I agree in sense that I could appreciate the intentionality and atempt to undercut preconcieved notions of classic vilany, but i definetly felt that it went too far too often. Sometimes painfully so. His final climatic scene was almost unwatchable. and the rediculous high/low camera angles didn’t help.
*CumberbatCh
Man alive, that name is a mine field! If you miss any one letter or mess up the order you get the craziest names.
Bendict Cumberbath
Beedict Cuberbatch
Benedit Cumberbach
Beendict Cumbebratch
Engelbert Humperdinck
Benedcit Cumberatch
See? Endless variations.
Engelbert Humperdinck made me lol pretty hard.
Downton Abbey never cuts through the tension with an ill-timed BeeGees song, so it’s automatically worse than Sherlock.
i beg to differ… maybe you didn’t watch that episode where Edith drives a tractor and staying a live is playing… gripping television indeed.
Wouldn’t the Golden Globe have been for the first series?
BRIT FIGHT!!!!
Sherlock is very good. But how about making more than three episodes per year?
I wish there was more, obviously, but considering that the episodes are an hour and a half each, it’s basically three movies a year.
DON’T MAKE ME CHOOSE! I LOVE THEM BOTH!
u the first season of Sherlock was better too if we need to go there.
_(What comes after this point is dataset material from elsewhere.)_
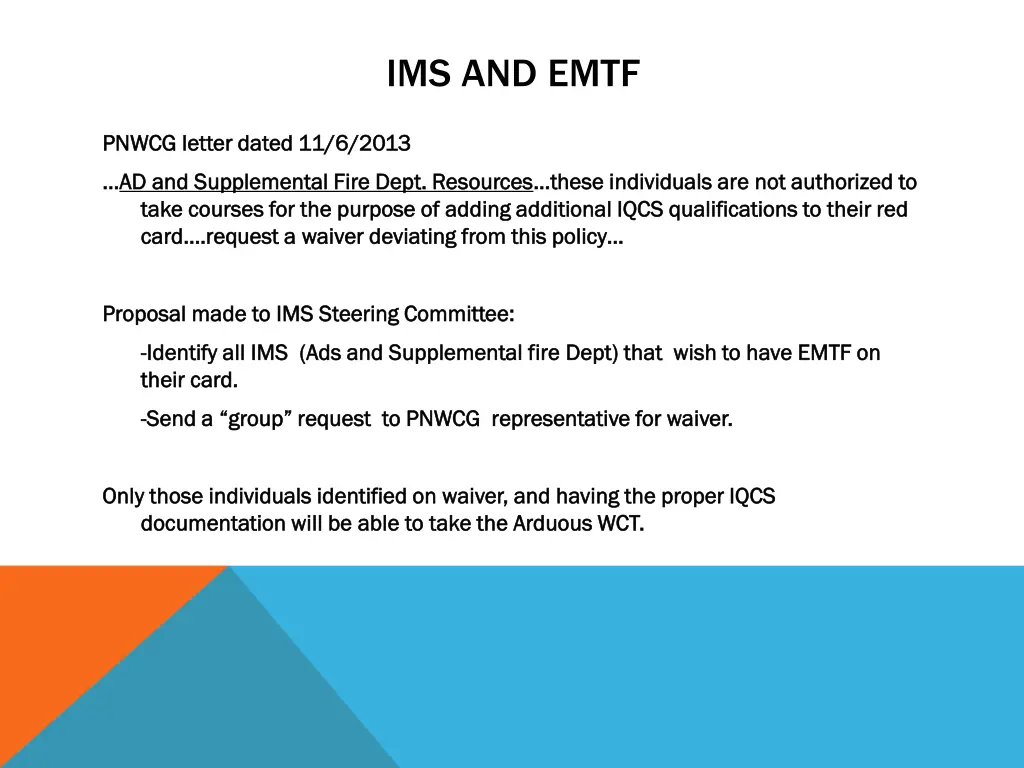 ims and emtf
Ben’s completely right of course – Downton Abbey has become more and more tawdry and silly – but the point is, he shouldn’t have said it. It’s not big and it’s not classy. I’ve said it before and I’ll say it again, he’s too busy showing off sometimes to just sit on his hands (viz: ‘I’m a f*cking fantastic lover’) Yes, yes, we know it’s all terribly tongue in cheek, but you know he means it.